= George M. Wilson (philosopher) =

American philosopher

George M. Wilson (1942-August 22, 2024) was an American philosopher recognized for his contributions to philosophy and film studies. He held academic positions as a professor of philosophy at Johns Hopkins University and the University of California, Davis, and later served as a professor of philosophy and cinematic arts at the University of Southern California.

== Early life and education ==
Wilson was born and raised in Oregon.
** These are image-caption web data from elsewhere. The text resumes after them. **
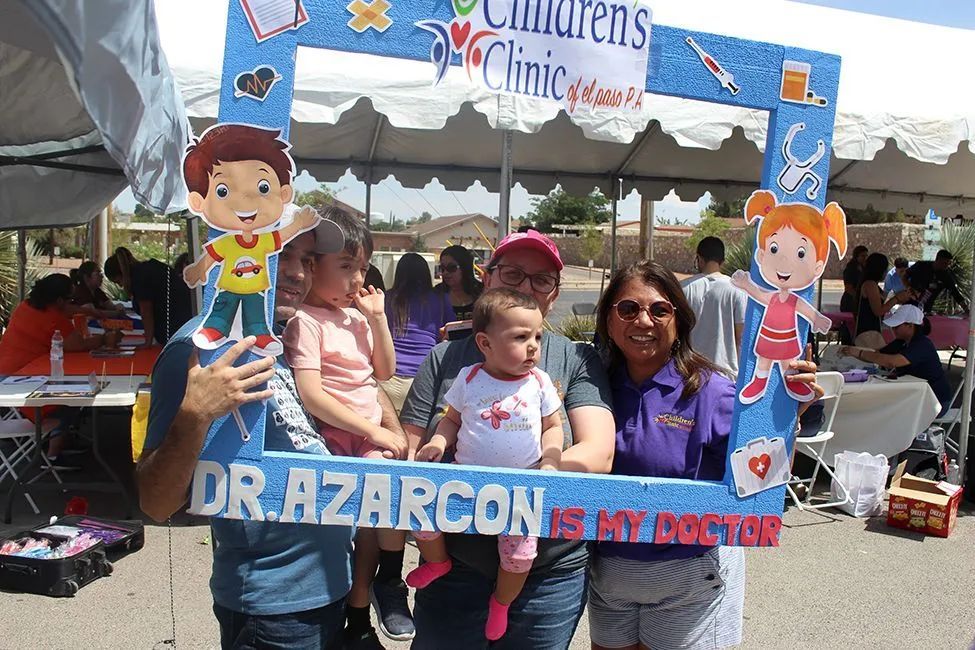 A group of people posing for a picture with a sign that says dr. azarcon is my doctor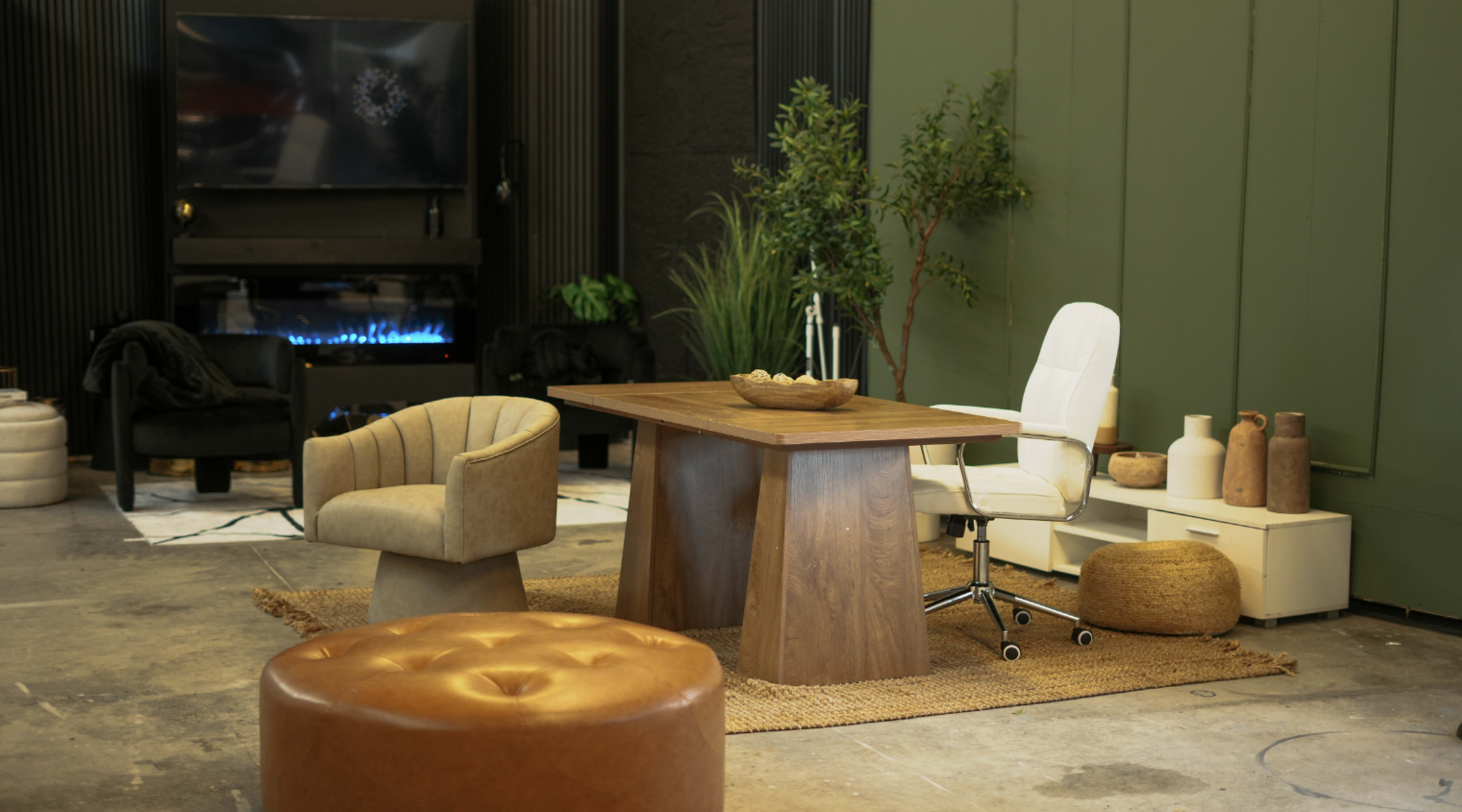 The image features a modern workspace setup with a wooden table, an office chair, a decorative plant, and various seating options arranged on a textured rug.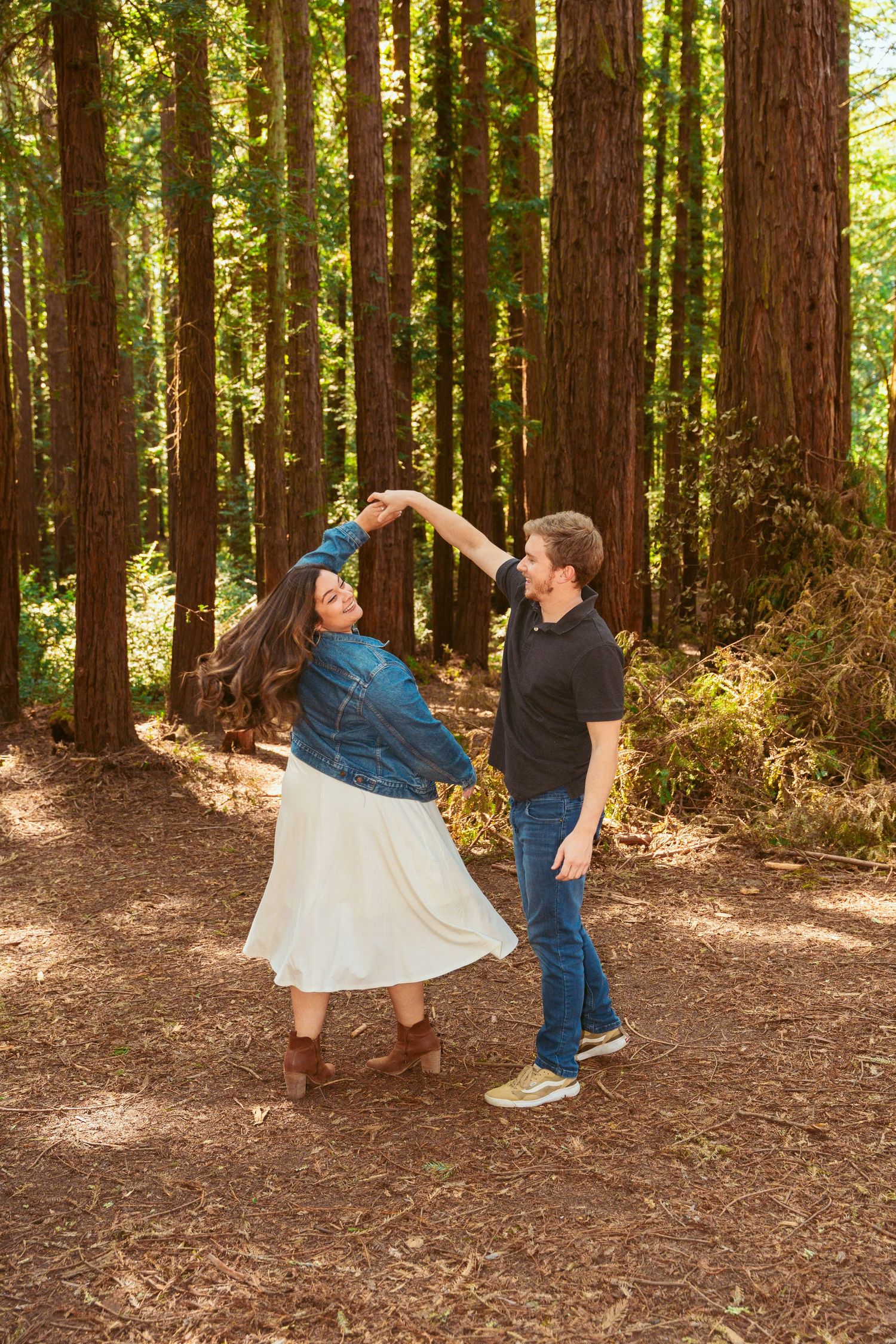 A playful dancing sequence photographed in a sunlit redwood grove.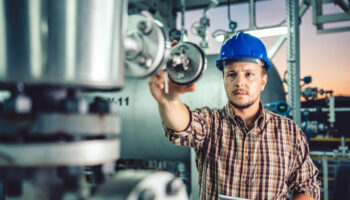 man-using-tablet-at-natural-gas-processing-facility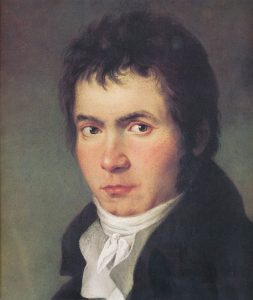 Portrait of a young man with dark hair in a formal black coat and white cravat.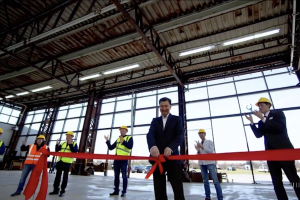 An AI-generated video of a factory floor with glass walls and a man in a black suit holding a floating red ribbon.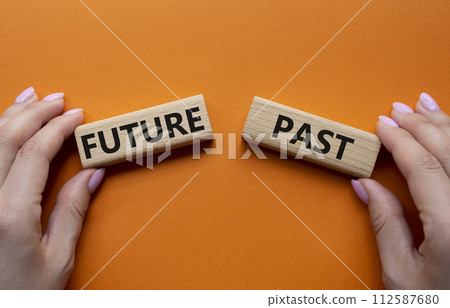 Future or Past symbol. Concept word Future or Past on wooden blocks. Businessman hand. Beautiful orange background. Business and Future or Past concept. Copy space 112587680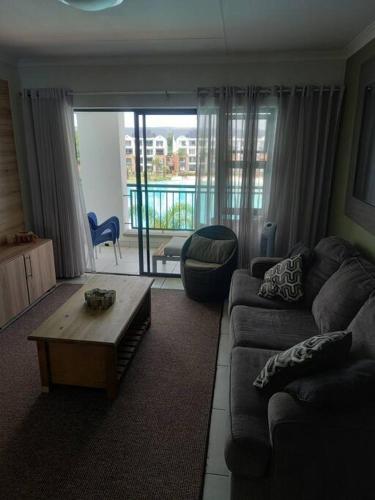 a living room with a couch and a coffee table at Breathtaking Lagoon View Apartment @ The Blyde1531 in Pretoria
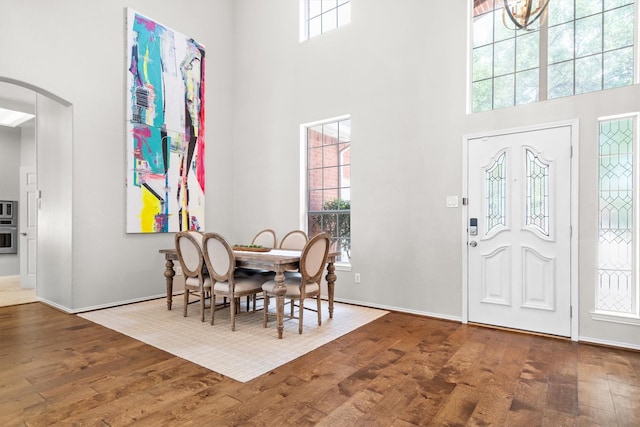 1413 Trinity Ct, Flower Mound, TX 75028 - dining room with a high ceiling, wood finished floors, and arched walkways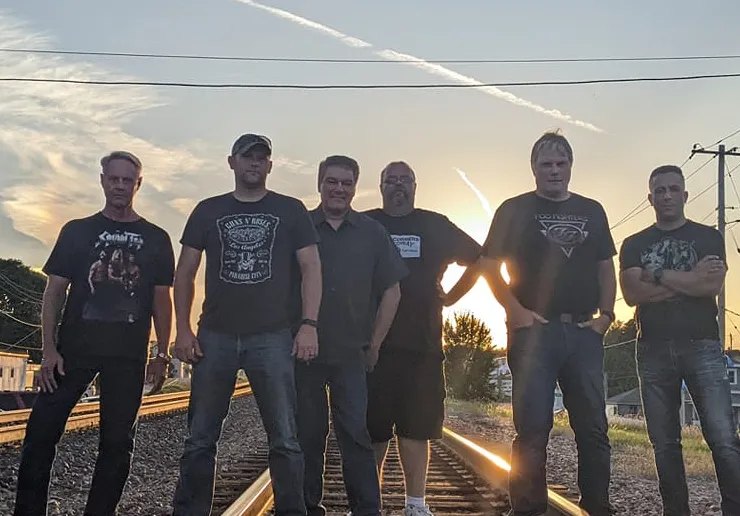 Six men in dark shirts stand together on railroad tracks, backlit by the setting sun.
He studied at the University of Kansas, where he earned his AB in philosophy, and then completed his Ph.D. at Cornell University with a dissertation on the nature of natural numbers.

== Academic career ==
Wilson’s academic career spanned various fields, including the philosophy of language, theory of action, and Wittgenstein's philosophy.

Wilson's first book, The Intentionality of Human Action (1980), discussed intentional action and the knowledge individuals have of their own actions. He also wrote on Saul Kripke, contributing to his interpretation of Wittgenstein, particularly concerning rule-following and meaning.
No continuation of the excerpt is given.